Multimillion-dollar nappy scrap unfolds in court as Zuru’s Nick Mowbray prepares to take stand

Tuesday, 5 August 2025

The High Court in Auckland has begun a civil trial to sort out a multimillion-dollar nappy dispute involving Zuru billionaire Nick Mowbray.
The High Court in Auckland has begun a civil trial to sort out a multimillion-dollar nappy dispute involving Zuru billionaire Nick Mowbray.

The High Court in Auckland has begun a civil trial to sort out a multimillion-dollar nappy dispute between Zuru billionaire Nick Mowbray’s Rascals nappy company, and the company which swooped in to buy the Treasures nappy brand from “under Rascals’ nose”.

Zuru and Zuru-owned Rascals International, a British Virgin Islands-based company headquartered in Hong Kong, are suing Auckland-based JJK, and related company Taonga IP, for damages.

Zuru and Rascals claim JJK conspired with a Rascals’ director, and used confidential information from Rascals supplied by that director, to buy and develop the Treasures brand, setting back Rascals’ expansion into Woolworths’ supermarkets.

Campbell Walker KC, counsel for Zuru and Rascals, said that director was Grant Bruce Byron Taylor, who was being sued by Zuru, but had settled the claim against him before Monday’s hearing began.

But Sam Lowry, counsel for JJK, said the company’s directors acted in good faith at all times, received no confidential information, and that Taylor had only helped JJK with high level “mentoring”, as he had been successful in the nappy trade.

Zuru and Rascals are seeking millions of dollars in damages, but JJK is counter-suing for losses Lowry said it suffered as a result of a call Mowbray made to Woolworths in which he said “Mr Mowbray requested Woolworths delay stocking Treasures nappies”.

“His purpose was very transparently to keep Treasures off the shelves, and it worked,” Lowry said. “Woolworths cancelled JJK’s initial purchase orders… and the cause of that was Mr Mowbray’s intervention. Worse than that from JJK’s perspective, Woolworths renegotiated its terms of trade.”

The dispute has revealed details of how the supermarket duopoly of Foodstuffs (Pak‘nSave, New World and Four Square) and Woolworths (Countdown, Fresh Choice and SuperValue) use exclusive brand deals in a bid to earn higher margins from new parents for products like nappies.

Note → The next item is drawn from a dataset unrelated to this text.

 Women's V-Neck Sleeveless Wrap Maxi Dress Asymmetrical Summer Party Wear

Zuru’s launch into nappies followed a conversation between old school friends Mowbray and Taylor during a holiday.

Mowbray, who is due to give evidence on Tuesday, agreed to teach Taylor how to make Rascals profitable using Zuru’s business model, the detailed specifics of which were suppressed by Justice Dani Lee Gardiner.

However, it involved manufacturing in a high-tech factory in China, targeting style-conscious parents, pumping the brand through intensive digital marketing and offering supermarkets a bigger margin than other nappy makers could.

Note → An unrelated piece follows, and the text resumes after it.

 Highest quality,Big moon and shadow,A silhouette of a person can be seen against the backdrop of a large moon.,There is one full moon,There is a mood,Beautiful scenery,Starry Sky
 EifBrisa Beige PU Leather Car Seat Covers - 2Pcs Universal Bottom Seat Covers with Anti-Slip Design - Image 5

Zuru invested in Rascals in 2017. By 2019, it was doing $10 million a year in nappy sales, securing a big market through Foodstuffs’ supermarkets. And in 2020, Zuru bought complete ownership from Taylor and his family, for $30m.

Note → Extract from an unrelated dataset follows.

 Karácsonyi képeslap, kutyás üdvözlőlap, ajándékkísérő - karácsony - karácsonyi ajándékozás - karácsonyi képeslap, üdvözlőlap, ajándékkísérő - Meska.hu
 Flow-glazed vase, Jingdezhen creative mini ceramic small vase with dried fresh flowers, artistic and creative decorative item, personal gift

But Rascals’ nappies were sold in Foodstuffs under an exclusivity deal, so Zuru and Rascals needed another brand to sell in Woolworths supermarkets.

Treasures nappies were sought by both JJK and Rascals / the Mowbrays.
Treasures nappies were sought by both JJK and Rascals / the Mowbrays.

Struggling rival nappy brand Treasures was selling its nappies under an exclusive deal with Woolworths, and Walker said Zuru felt the “Rascals’ model” it had developed could be applied to it, enabling Zuru to crack “the other half of the duopoly”.

Early in 2020, Rascals began to look at buying the Treasures brand, but unbeknownst to Mowbray and Rascals, the Taylor family was “negotiating to buy this Treasures opportunity from under Rascals’ nose”, Walker said.

Those negotiations ended with no deal being done, but Taylor then helped JJK to buy the Treasures brand in August 2020, said Walker, and he kept his dealings with JJK and its directors secret from Rascals.

“There is no way they [JJK] would have made an offer for Treasures unless they had been given this leg up,” Walker said.

None of the JJK directors had worked in the nappy industry, and they drew their nappy expertise from Taylor, who had learned everything he knew at Rascals.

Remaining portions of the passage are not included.